The entries are to be given back verbatim; no picture is to be copied.

══════════════════════════════

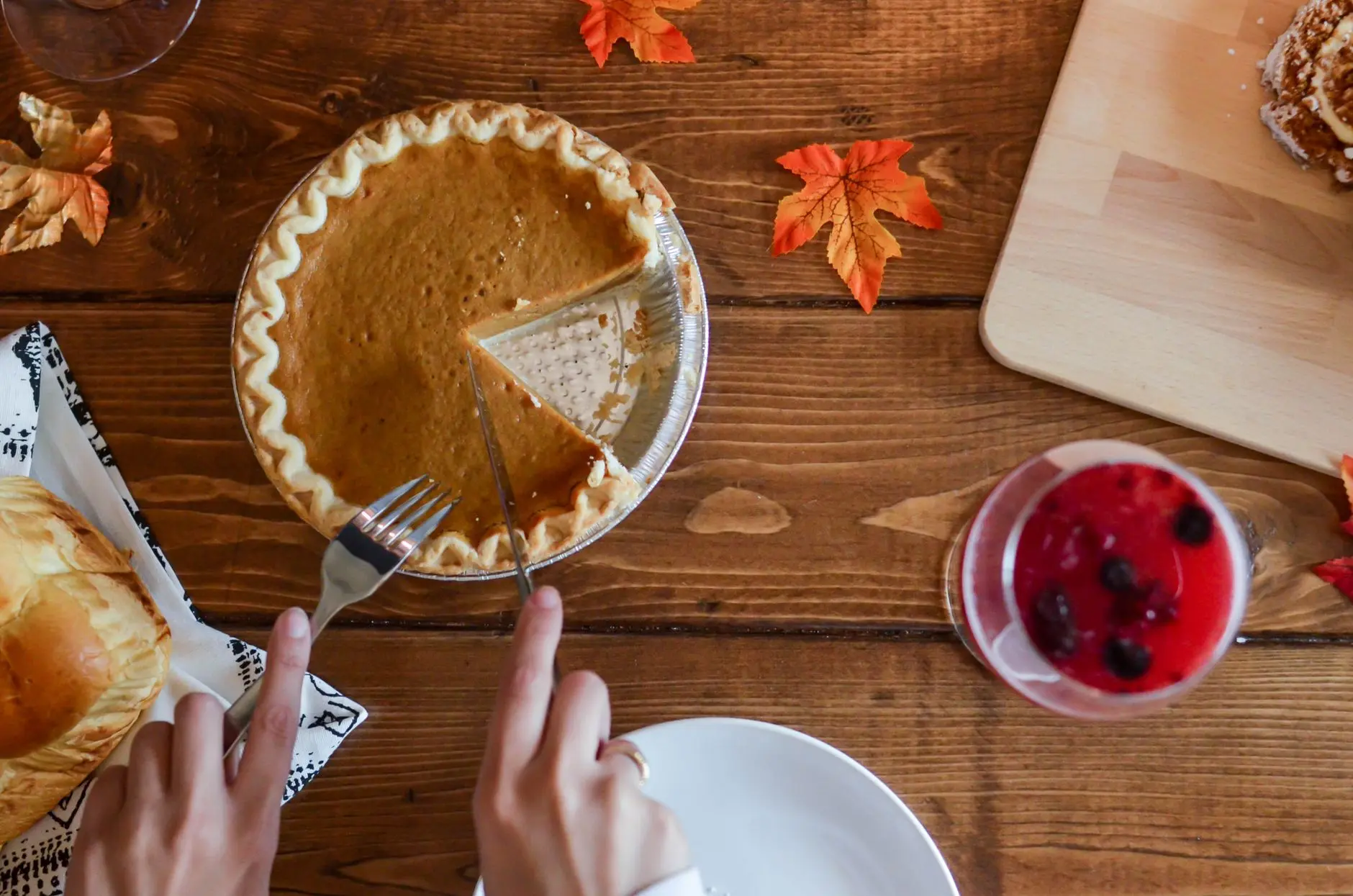 24 Thanksgiving Appetizers You Can Put Out Without Touching the Oven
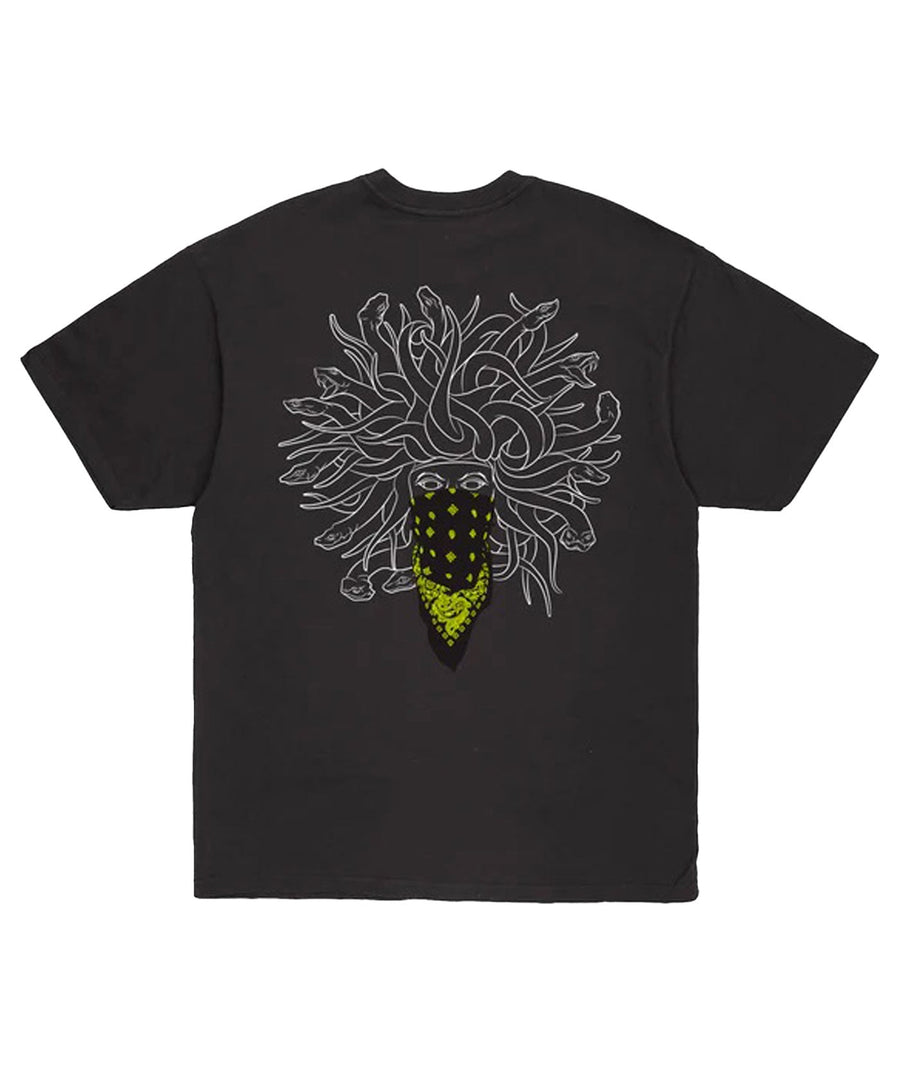 CROOKS & CASTLES  Crooks Serpent Medusa Tee 2I50776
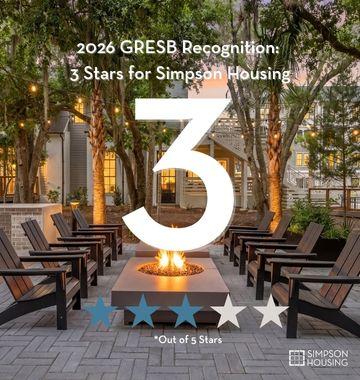 Simpson 2026 GRESB Score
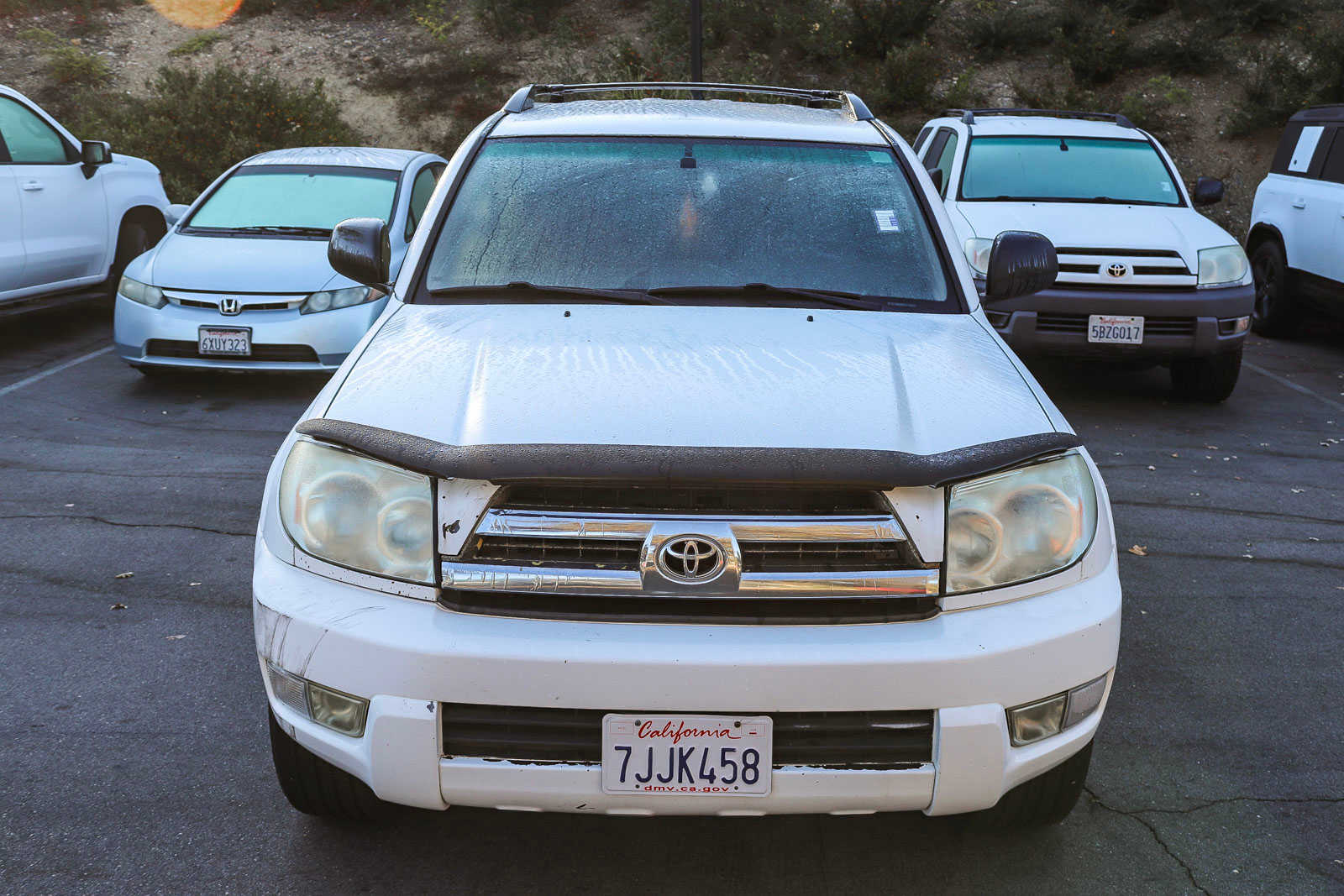 2005 Toyota 4Runner SR5 2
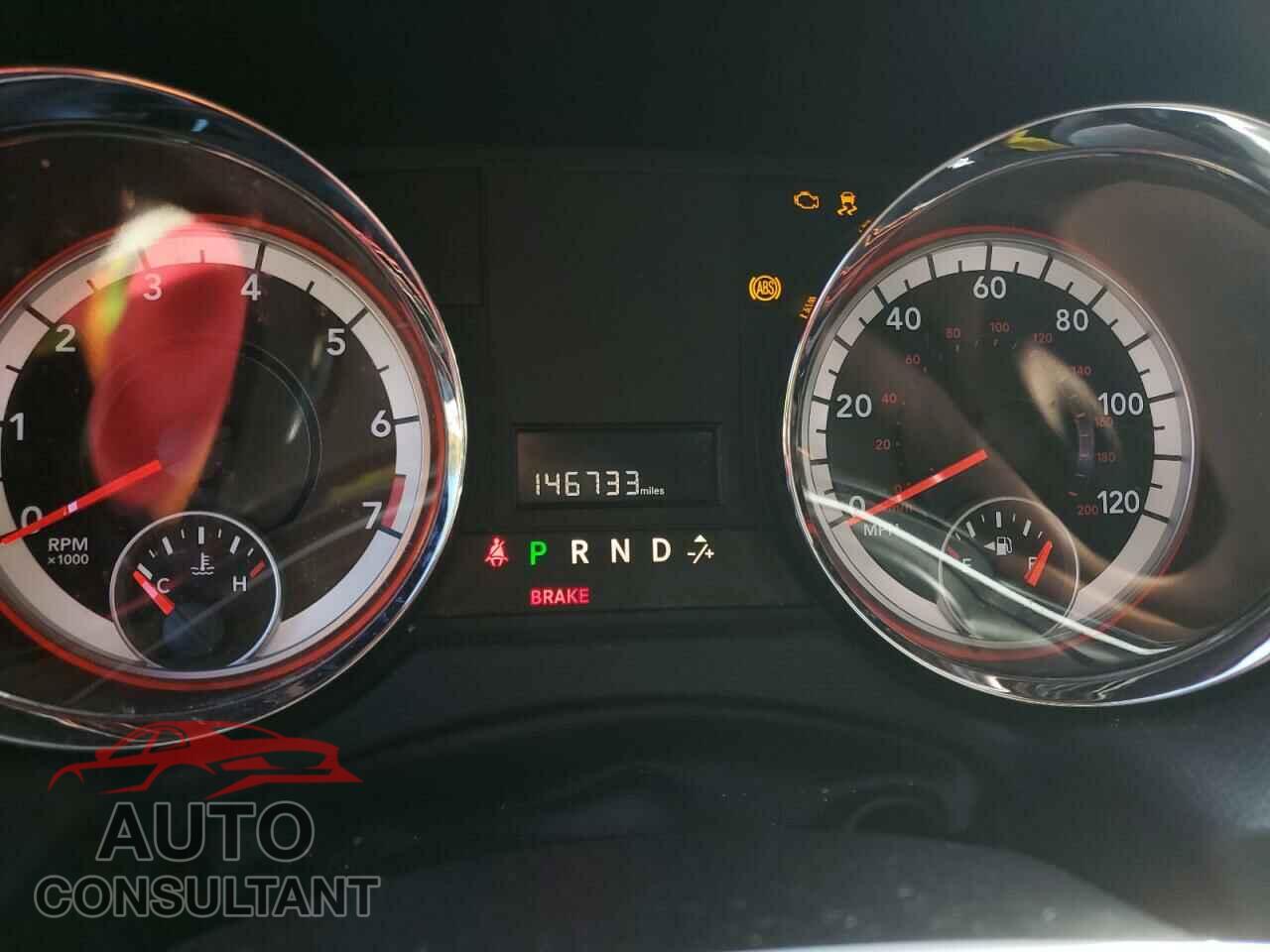 DODGE CARAVAN 2015 - 2C4RDGCG4FR511190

══════════════════════════════

Exercise response:
 24 Thanksgiving Appetizers You Can Put Out Without Touching the Oven
 CROOKS & CASTLES  Crooks Serpent Medusa Tee 2I50776
 Simpson 2026 GRESB Score
 2005 Toyota 4Runner SR5 2
 DODGE CARAVAN 2015 - 2C4RDGCG4FR511190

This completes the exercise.